> **Exercise aim**
Give again, exactly and without pictures, the lines running from the line with "Young man with" to the end of the records below.

(Captioned web image data)
- - - -
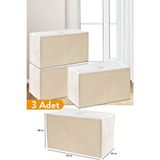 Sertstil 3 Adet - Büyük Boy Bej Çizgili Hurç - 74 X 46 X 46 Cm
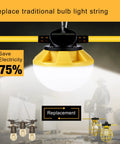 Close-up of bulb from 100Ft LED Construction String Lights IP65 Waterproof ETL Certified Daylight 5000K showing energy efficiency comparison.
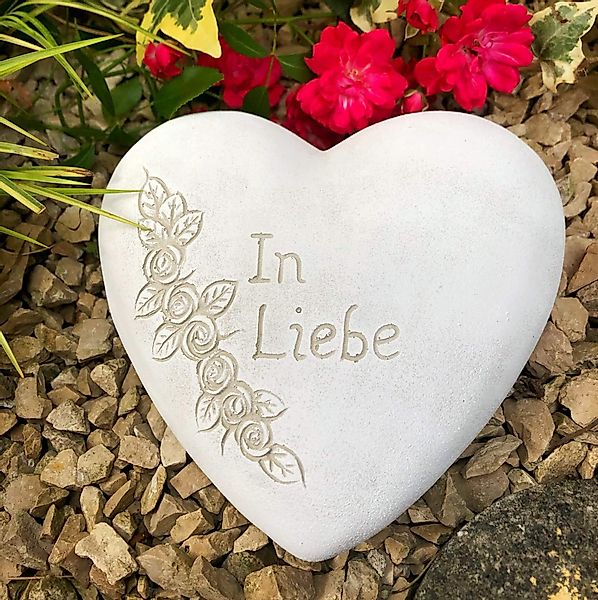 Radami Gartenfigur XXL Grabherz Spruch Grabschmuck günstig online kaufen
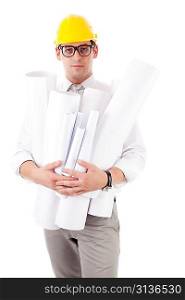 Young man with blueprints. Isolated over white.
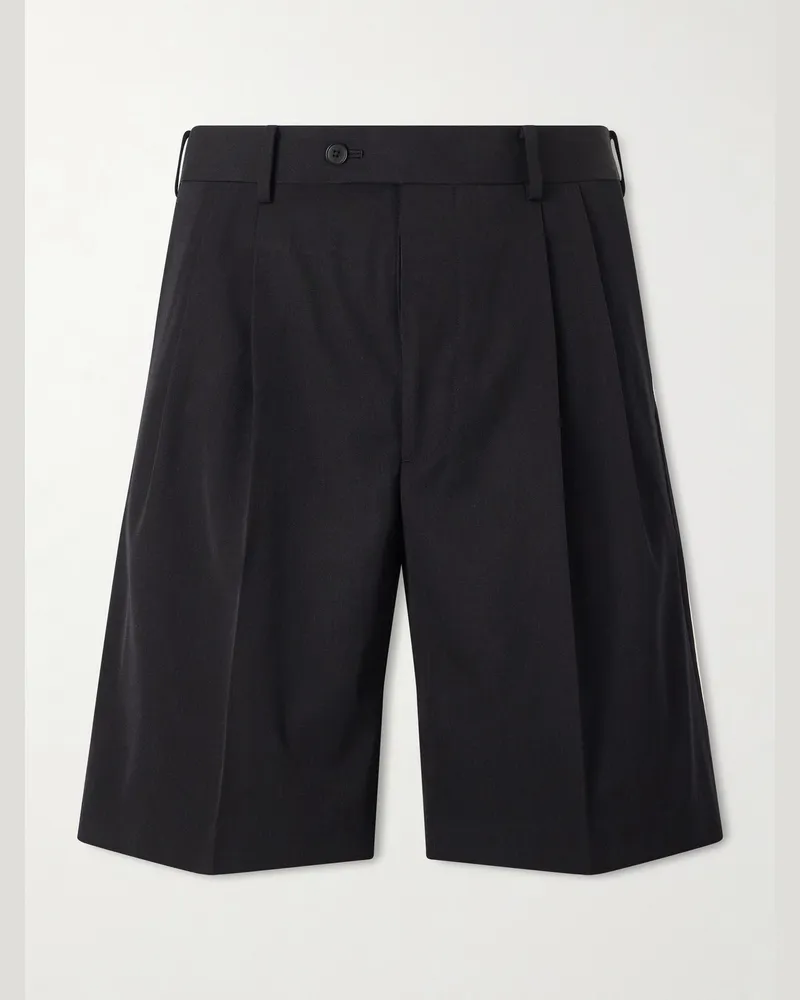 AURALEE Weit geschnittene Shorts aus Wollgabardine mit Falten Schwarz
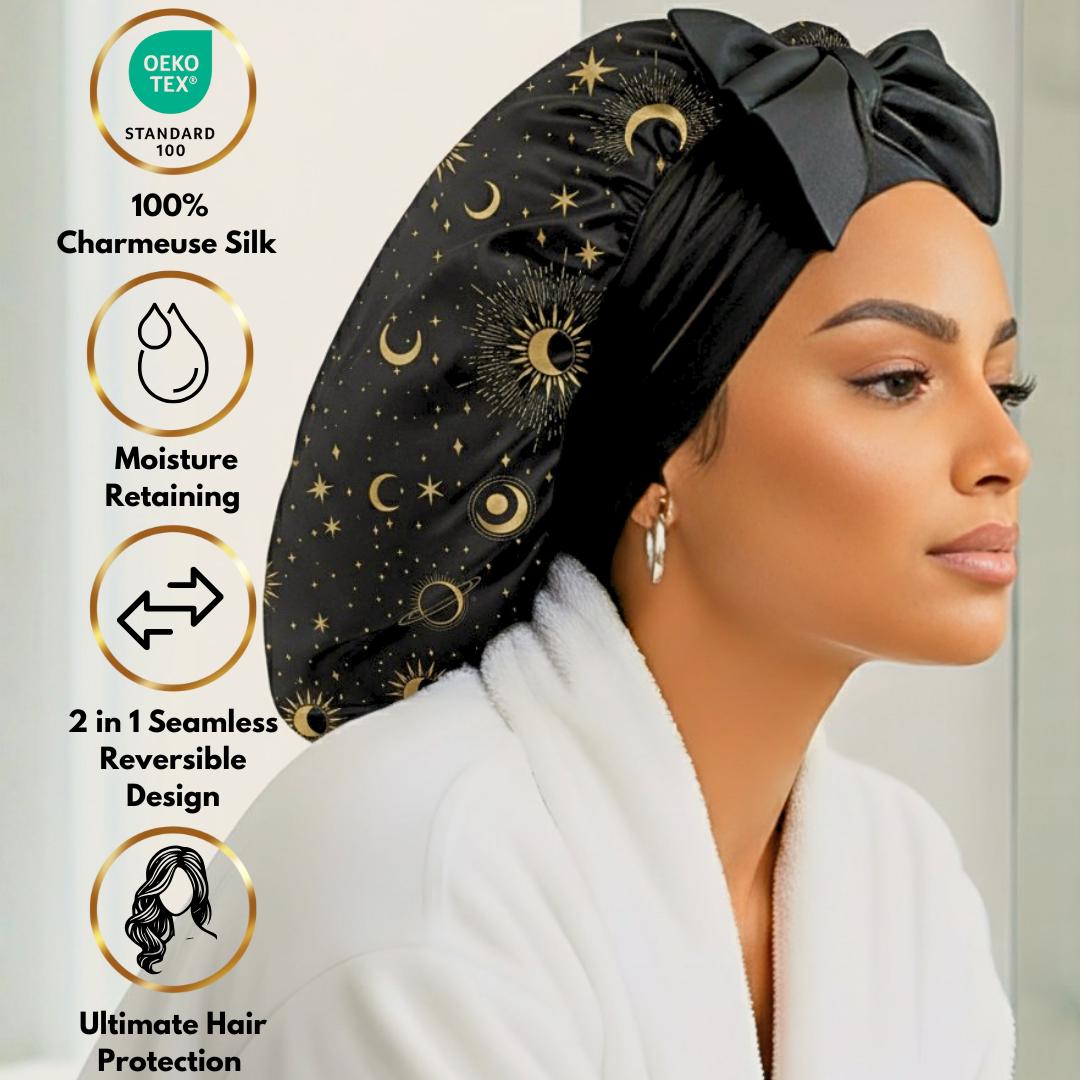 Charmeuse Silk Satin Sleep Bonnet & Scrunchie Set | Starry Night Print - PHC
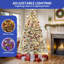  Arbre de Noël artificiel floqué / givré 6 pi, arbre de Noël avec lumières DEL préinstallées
- - - -
> **Written solution**
 Young man with blueprints. Isolated over white.
 AURALEE Weit geschnittene Shorts aus Wollgabardine mit Falten Schwarz
 Charmeuse Silk Satin Sleep Bonnet & Scrunchie Set | Starry Night Print - PHC
  Arbre de Noël artificiel floqué / givré 6 pi, arbre de Noël avec lumières DEL préinstallées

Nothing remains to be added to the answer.